Generell betont „Gott, du kannst ein Arsch sein“ mehr noch als all die genannten Genre-Verwandten, wie wichtig es ist, im Hier und Jetzt zu leben und die Zeit bis zu unserem Tode zu genießen. Dazu klammern die Macher den Krebs und das Sterben – mit Ausnahme der ersten 20 Minuten – nahezu komplett aus. So leidet die Hauptfigur beispielsweise nie unter krankheitsbedingten Beschwerden und wird auch sonst nicht von ihrer Diagnose gebremst. „Gott, du kannst ein Arsch sein“ würde auch ohne den Krebs-Überbau ganz hervorragend funktionieren; Zumal Erkau selbst gen Ende der Versuchung widersteht, nochmal ordentlich auf die Tränendrüse zu drücken. Dadurch fühlt sich der Umgang mit einem solch schlimmen Schicksal im Vergleich zu diversen anderen Tränenzieherproduktionen bemerkenswert aufrichtig an. Andererseits lässt einen Steffis Geschichte im Großen und Ganzen dann doch überraschend kalt. Das liegt zum einen daran, dass der Funke zwischen Newcomerin Sinje Irslinger („Das schönste Mädchen der Welt“) und Max Hubacher („Der Hauptmann“) nie überspringt. Die beiden geben zwar zwei glaubhafte Partner in Crime ab, doch sobald das Skript ein amouröses Knistern andeutet, wirkt die Interaktion der beiden zunehmend hölzern. Zum anderen verortet Erkau „Gott, du kannst ein Arsch sein“ zu sehr im Bereich der Komödie, sodass sich in den vereinzelten dramatischen Momenten kaum Gefühle Bahn brechen können, die sich setzen und daher nachwirken können.

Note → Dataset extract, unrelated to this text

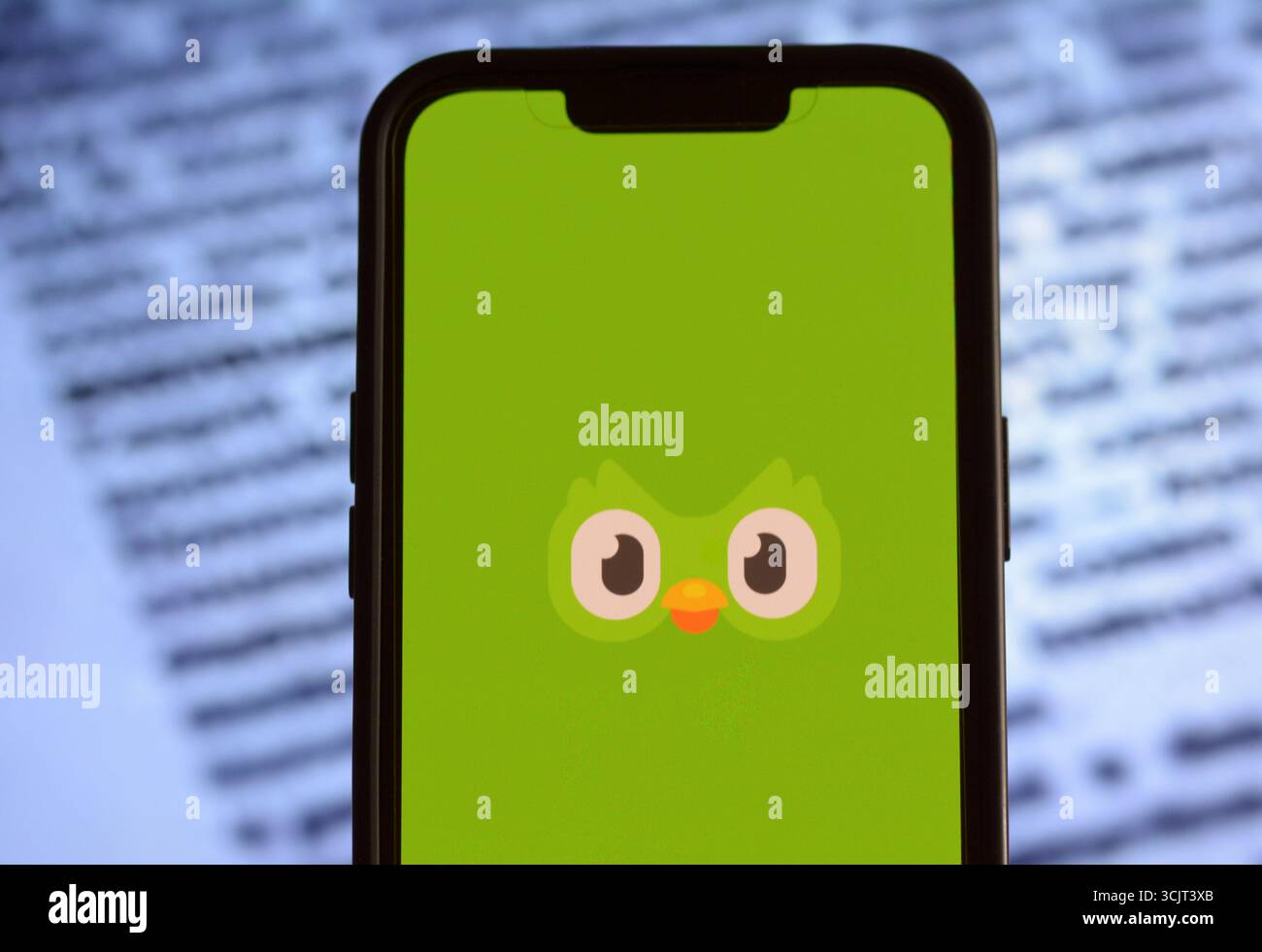 Ouverture de l'application d'apprentissage linguistique Duolingo sur l'écran du smartphone Banque D'Images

„Selbst gen Ende widersteht Erkau der Versuchung, nochmal ordentlich auf die Tränendrüse zu drücken. Dadurch fühlt sich der Umgang mit einem solch schlimmen Schicksal im Vergleich zu diversen anderen Tränenzieherproduktionen bemerkenswert aufrichtig an.“

Wenn es im Film dann doch mal traurig wird, ist dafür nicht selten Til Schweiger („Die Hochzeit“) verantwortlich. Nachdem der Schauspieler und Filmemacher zuletzt nur selten die Gelegenheit hatte als Darsteller zu überzeugen, steht ihm die Rolle des tieftraurigen Vaters Frank hervorragend zu Gesicht. Gemeinsam mit Heike Makatsch („Ich war noch niemals in New York“) mimt er ein besorgtes Elternpaar auf der Grenze zwischen Überfürsorge und dem Wunsch, der Tochter auf den letzten Metern all ihre Wünsche zu erfüllen. Gern noch mehr gesehen hätten wir indes übrigens von Jürgen Vogel („So viel Zeit“), der als Steves depressiver Vater offenkundig die interessanteste Geschichte zu erzählen hätte, allerdings nur einen etwas größeren Gastauftritt spendiert bekommt. Dabei würde man so vielleicht auch noch besser hinter Steves Motivation steigen, Steffi selbstlos auf ihrem Weg nach Frankreich zu begleiten.

Fazit: In „Gott, du kannst ein Arsch sein“ inszeniert André Erkau den Roadtrip eines krebskranken Mädchens als weitestgehend überraschungsarme Feel-Good-Tragikomödie.

„Gott, du kannst ein Arsch sein“ ist ab dem 1. Oktober in den deutschen Kinos zu gehen.